Many people close to retirement are worried about their savings as the markets gyrate. NPR's Paul Brown reports investment advisers are urging people to make sure they have a plan to weather tough economic times.
 
Talk to numerous investment advisers and you'll get much the same message. Take care of the basics while making your assets grow. Dan Katy is financial planning director at financial services company TIAA-CREF. He recommends investing in annuities that earn interest unaffected by the ups and downs of financial markets.
 
"By doing that, I'm accumulating funds that could produce a steady lifetime income and create, we often call, a guaranteed income floor."
 
But Katy says with planning for that floor in place, part of a retirement investment portfolio should consist of stocks because overtime despite some sharp drops, they've proven to have the most appreciation potential. Paul Brown, NPR News.
 
And faced with the high unemployment rate, President Obama is making his latest public appeal for support of his jobs creation plan in Ohio this hour.
 
President Obama's nominee to lead the Council of Economic Adviser says the government could do more to fight high unemployment. NPR's Scott Horsley reports Alan Krueger, who was quizzed by members of the Senate Banking Committee.
 
Alan Krueger says the ideas in the president's jobs proposal, such as the payroll tax cut for employers, would help put more Americans back to work. Krueger, who's back at Princeton after stand in the Treasury Department, would play a role in shaping those policies if he's confirmed as one of president's top economic advisers.
 
"I don't think the president is satisfied with the pace of the recovery, and the reason why when he asked me to come back, I agreed, is because I think there're more things that we can do to strengthen the economy."
 
The top Republican on the committee voiced skepticism about the president's jobs proposal but said Krueger is likely to be confirmed.
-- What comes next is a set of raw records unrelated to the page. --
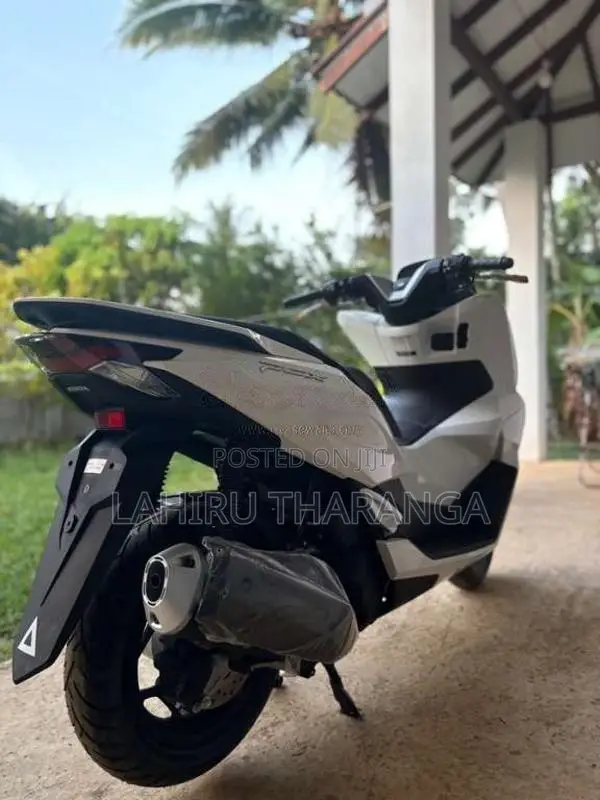 Honda Pcx 2025 Motorbike (Used)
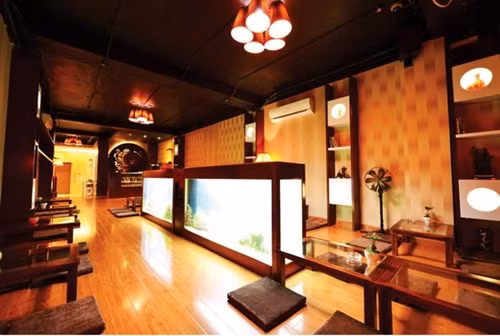 Nội thất của toà nhà trông qua có vẻ đơn giản nhưng cực kỳ tinh tế, sang trọng. Thậm chí, chúng còn được ví ngang với nội thất của những khách sạn hàng đầu tại TP.HCM. Toà nhà đắt đỏ là vậy nhưng nữ ca sĩ chỉ dùng chủ yếu phục vụ cho mục đích kinh doanh.
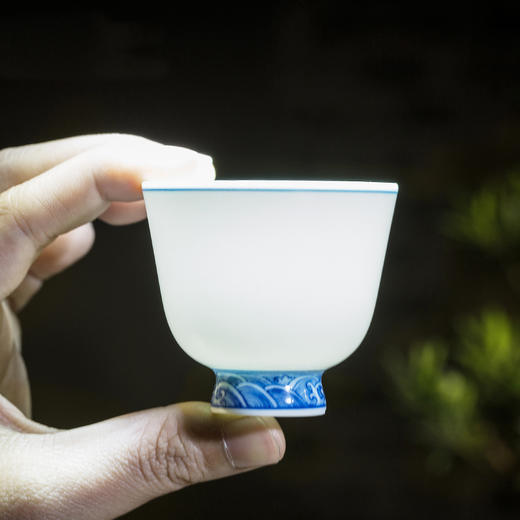景德镇陶瓷功夫茶具.景德镇手工手绘青花瓷品茗杯小单杯（青花海水纹） 商品图0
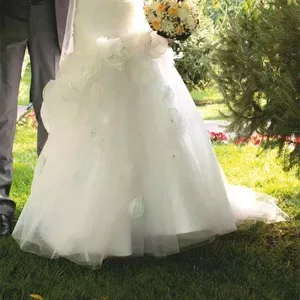Свадебное платье со шлейфом 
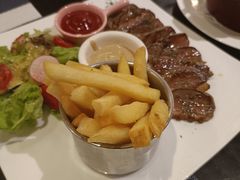 香煎鸭胸-La Creperie法餐厅(芮欧百货店)
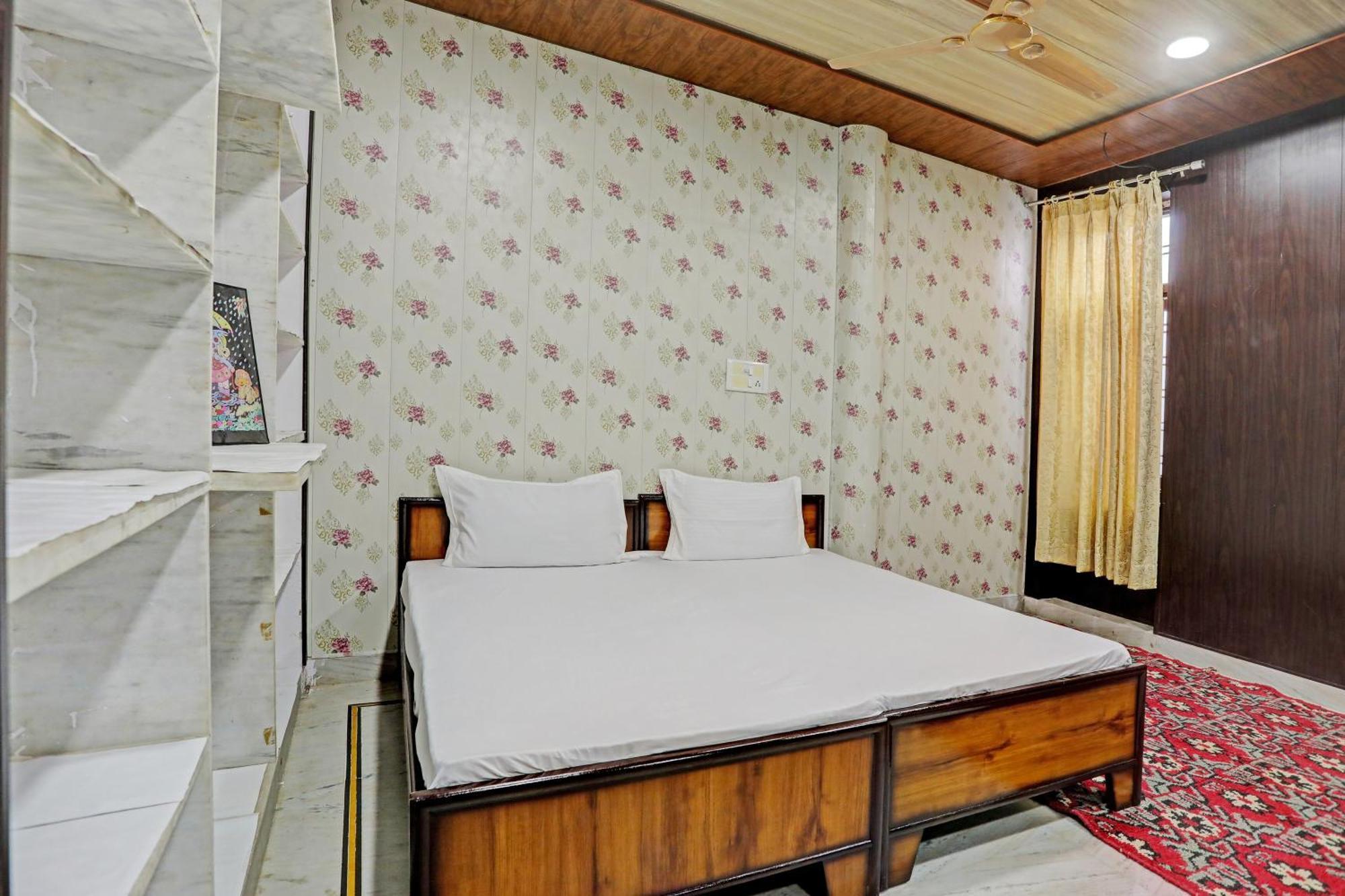 O The Gunjan Palace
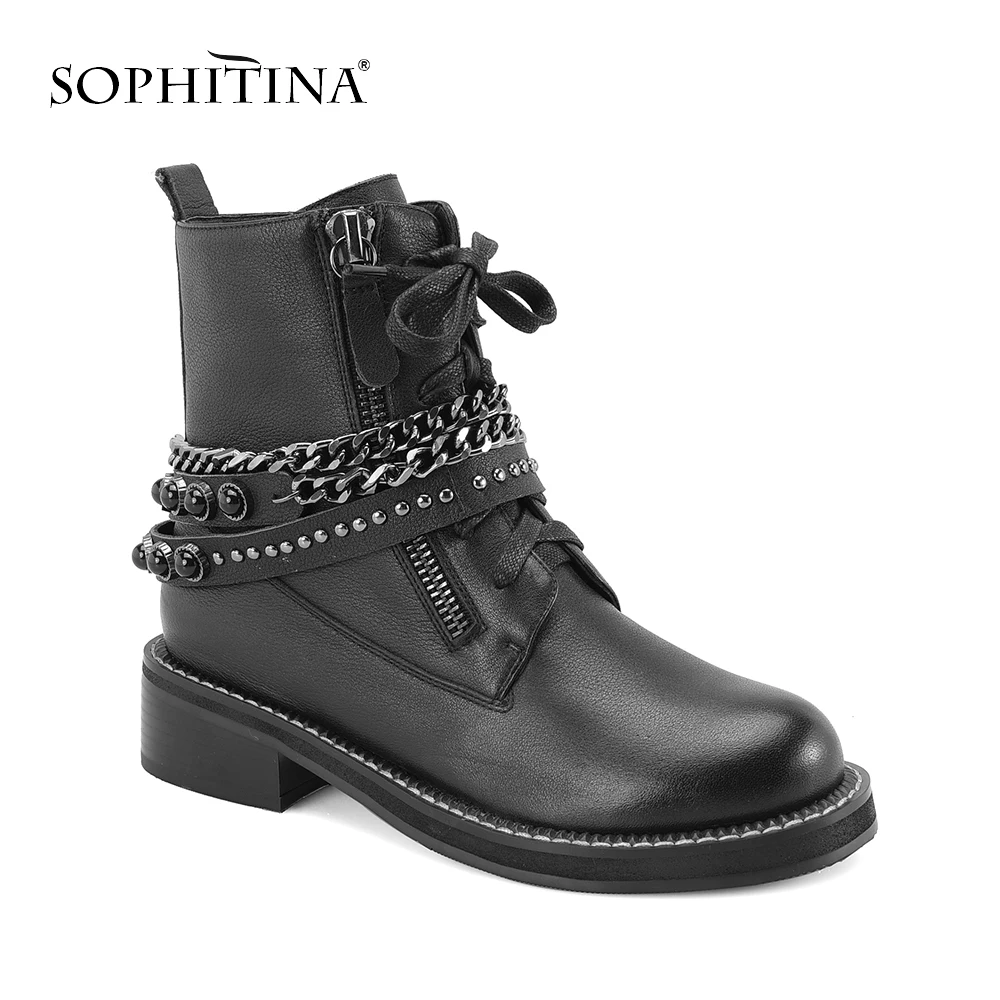 

Женские мотоциклетные ботинки SOPHITINA, однотонные мягкие полусапожки из натуральной кожи, с круглым носком, на металлической цепочке, в стиле ...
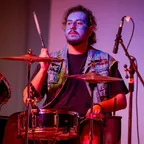 Imatge - Adam López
Scott Horsley, NPR News, Washington.
 
House Speaker John Boehner's trying to reassure concerned voters there is no threat of a government shutdown. He's (was) working to turn the tide of an unexpected outcome yesterday when fiscally conservative Republicans broke ranks with the party leadership and voted against a stopgap spending bill that they said didn't cut spending enough. A majority of Democrats also voted against the legislation.
 
Dow down 476 points.
 
This is NPR News.
 
Former Olympian Carl Lewis's run for state Senate in New Jersey appears to be off again. As NPR's Joel Rose reports, an appeals court in Philadelphia today reversed its own earlier ruling that Lewis can't appear on the ballot. 
 
Carl Lewis won nine Olympic gold medals during his celebrated track and field career. But his political career is stuck on the starting line. Lewis grew up in New Jersey and bought homes there in 2005 and 2007. He's now trying to run for a state Senate seat as a Democrat. But Republicans argue Lewis does not meet the state's four-year residency requirement because he voted in California just two years ago. Earlier this month, the Third Circuit Court of Appeals in Philadelphia seemed to side with Lewis. But in an unusual movement, a three-judge panel heard new arguments in the case this week, and then it issued a ruling ordering Lewis off the ballot. Joel Rose, NPR News, Philadelphia.
 
A scathing US assessment on Syria today as the ambassador to Damascus warned the Syrian president is losing support among key constituents. But Robert Ford tells Reuters news service that President Bashar al-Assad's army remains very powerful and cohesive as it continues to crackdown on dissent. 
 
Associated Press reporting that the Libyan former prime minister who served during Mummer Gaddafi's regime has been arrested in southern Tunisia. That announcement today from Tunisia's Interior Ministry. Meanwhile, weeks after Gaddafi was ousted, his whereabouts are still unknown.
 
The latest from Wall Street. Dow down 474 points, more than 4%, at 10,651; NASDAQ down more than 100 points at 2,434.
 
I'm Lakshmi Singh, NPR News.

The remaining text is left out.